Прежде мы как-то об этом не думали и мало заботились: теперь, выброшенные из России, мы лбами столкнулись с иностранцами. Мы поневоле ищем хоть какого-нибудь своего места на чужой земле. И писатели, прежде даже чем собрались с силами для новой работы, стали пытаться издавать русские свои книги на иностранных языках.

Не буду входить в подробности этих опытов, коснусь только первых итогов,-- они грустны. Но тем более виноваты мы будем, если придем в уныние и прекратим работу сближения с европейцами и усилия дать им о нас понятие. Пусть они нас судят, пусть даже осудят, но пусть хоть как-нибудь в нашей литературе разбираются.

Теперь знают они о нас плачевно мало (говорю преимущественно о Франции, где живу). Для них есть какая-то общая "âme russe" {Русская душа (фр.). }, в которой они отчета себе не отдают, да и смотрят в пол-глаза; кроме того, есть, в смысле интереса, "экзотика".

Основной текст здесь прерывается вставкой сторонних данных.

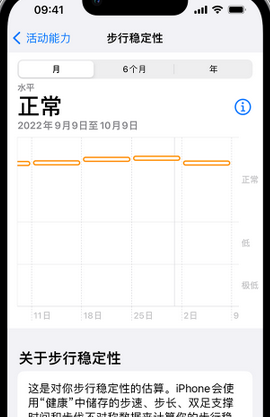 横峰iPhone手机维修如何在iPhone开启'步行稳定性通知'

Таков, в грубых чертах, рисунок европейского отношения к русской литературе, да и вообще к русскому искусству (к русскому балету, музыкантам, художникам -- преимущественно интерес "экзотики").

Если наши писатели, всей кучей вытряхнутые в Европу, сами еще перепутаны, как шахматы в ящике, то для иностранцев они даже не шахматы, а просто шашки, все одинаковые. Они их искренно не различают,-- да и откуда им знать, действительно, где конь, где ферзь, где пешка? Узнавать -- долгая, трудная история. И они подходят к нам с привычным критерием -- "экзотики".

"Деревня" Бунина? вещь удивительная! прекрасная! высокоинтересная! (французы специально так воспитаны, чтобы не скупиться на похвалы, раз уж они о ком-нибудь говорят); не менее, однако, любопытна! интересна! и т. д. (экзотична) и книга, положим, Гребенщикова о "сибирских" мужиках. Любезные французы даже и не подозревают, что если Бунин чистейшего огня рубин, то Гребенщиков -- дай Бог с речного берега камушек; что дома, на родной шахматной доске, Бунин стоял рядом с ферзью, а Гребенщикова на этой доске, пожалуй, и вовсе не бывало.

Я привел пример насчет Гребенщикова, этого серого повествователя-этнографа, как первый попавшийся. Таких примеров сколько угодно. Вот "Суламифь" Куприна. Аляповатая вещь, олеография, малодостойная таланта этого писателя (о нем теперешнем, о нем "в Европе" я при случае еще поговорю). Но "Суламифь" нравится,-- в ней двойная экзотика, и русская, и восточная. Нравится средне, конечно, в меру интереса к экзотике, хотя любезность и требует от француза расшаркнуться: "Это перл!"

Но, повторяю, писателям нашим нечего смущаться. Принимать, понимать данное и упорно идти вперед. Авось доживем и до первого строгого слова иностранца, до первого знака, что Европа литературную Россию глубже шкурки увидала.

С этой стороны катастрофа наша может оказаться благодетельной. Как никак -- есть же в русской литературе некий дух, от проникновения в который Европа не только не проиграет, а, пожалуй, выиграет: омолодится.

Да и нашим писателям это сближение не к худу. И у старого Запада есть чему поучиться. Выбросили литературу за окно, окно захлопнули. Ничего. Откроются когда-нибудь двери в Россию; и литература вернется туда, Бог даст, с большим, чем прежде, сознанием всемирности.